Search giant denies it intended to violate consumer privacy by circumventing Safari settings
Privacy advocates have been waiting for this one: Google agreed to pay a record $22.5 million to settle Federal Trade Commission charges that it circumvented privacy settings in Apple’s Safari browser. As part of the order, Google must disable all the tracking cookies it had said it would not place on consumers’ computers.
The settlement is part of the FTC’s ongoing efforts to make sure that companies live up to their own privacy policies. By imposing the largest fine it has ever obtained for a violation, the FTC hopes to send a clear message to other companies that might play fast and loose with privacy promises.
“No matter how big or small, all companies must abide by FTC orders against them and keep their privacy promises to consumers, or they will end up paying many times what it would have cost to comply in the first place,” said Jon Leibowitz, chairman of the FTC.
The settlement, approved 4-1 by the FTC, was not a surprise. However, commissioner Thomas Rosche opposed the settlement because he said it allows Google to deny culpability.
For several months in 2011 and 2012, Google placed advertising tracking cookies on computers using Safari browsers despite a default setting to block third-party cookies and despite reassurances that as a member of the Network Advertising Alliance, it would honor the alliance’s rules.
That action violated the settlement Google reached with the FTC in October 2011, which barred Google from misrepresenting the extent to which consumers can exercise control over the collection of their information.
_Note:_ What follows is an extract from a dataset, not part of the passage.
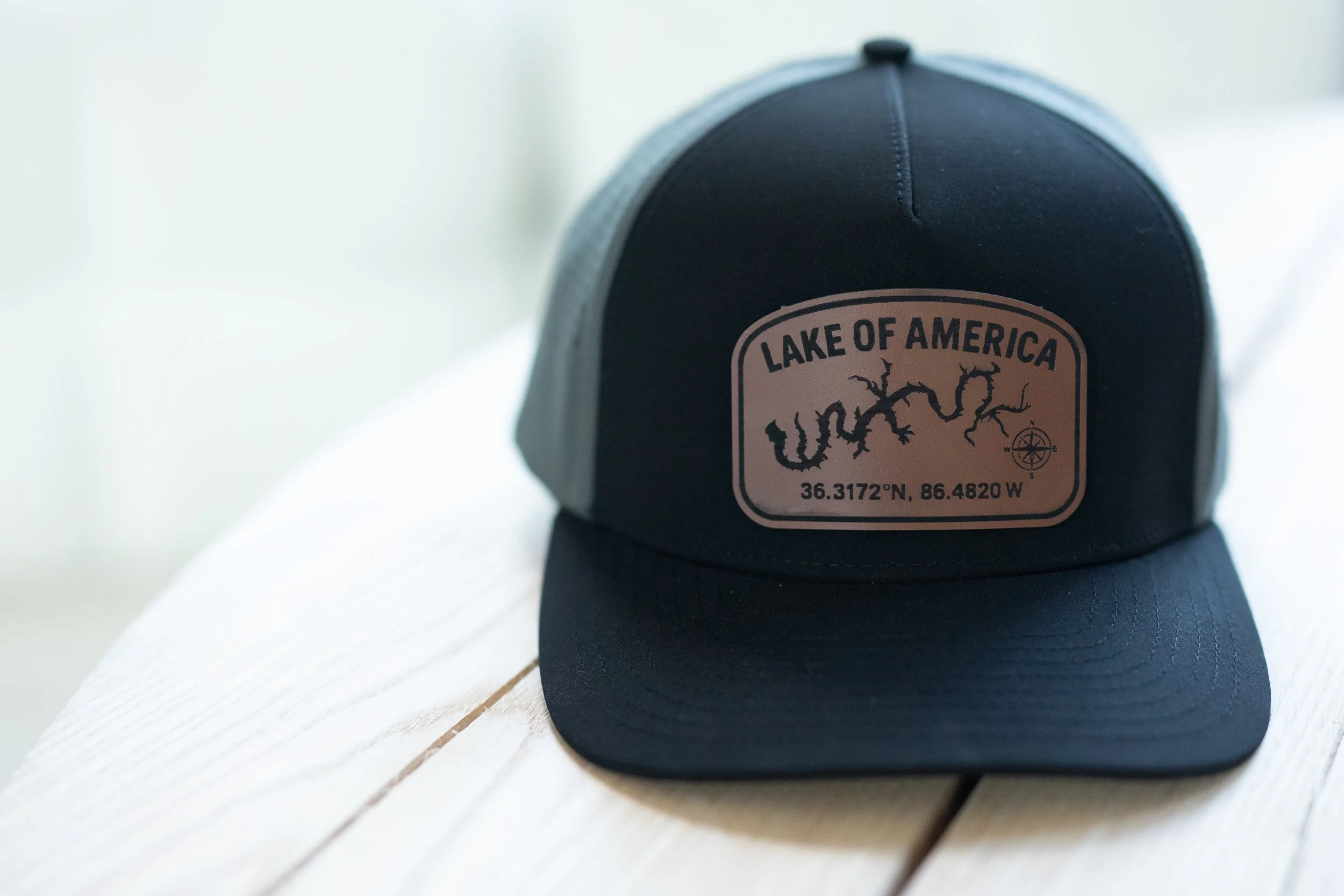 Lake of America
Google continued to maintain it didn’t intend to violate consumers’ privacy. “We set the highest standards of privacy and security for our users. The FTC is focused on a 2009 help center page published more than two years before our consent decree, and a year before Apple changed its cookie-handling policy. We have now changed that page and taken steps to remove the ad cookies, which collected no personal information, from Apple’s browsers,” a Google spokesperson said in a statement.
The ruling left some consumer advocates wanting more. “While the $22.5 million penalty levied against Google is a record for the FTC, it is woefully insufficient considering that Google refused to admit any liability or wrongdoing,” said John Simpson, Consumer Watchdog’s privacy project director. “The commission has allowed Google to buy its way out of trouble for an amount that probably is less than the company spends on lunches for its employees and with no admission it did anything wrong.”
The settlement also brought the usual litany of press statements from lawmakers applauding the FTC for holding Google to its consent order. Sen. John Rockefeller (D-W.Va.), the chairman of the Commerce Committee who has been holding a series of privacy hearings, also took the opportunity to push for stricter privacy legislation to protect consumers.
“I will continue to push for common-sense privacy legislation to give consumers the ability to choose what information companies collect about them and how they use it. In the meantime, it is imperative that the FTC continues to make sure that individual companies abide by the promises they make about consumers’ privacy. Without strong enforcement actions, companies have shown a preference for profits over consumer protection,” Rockefeller said.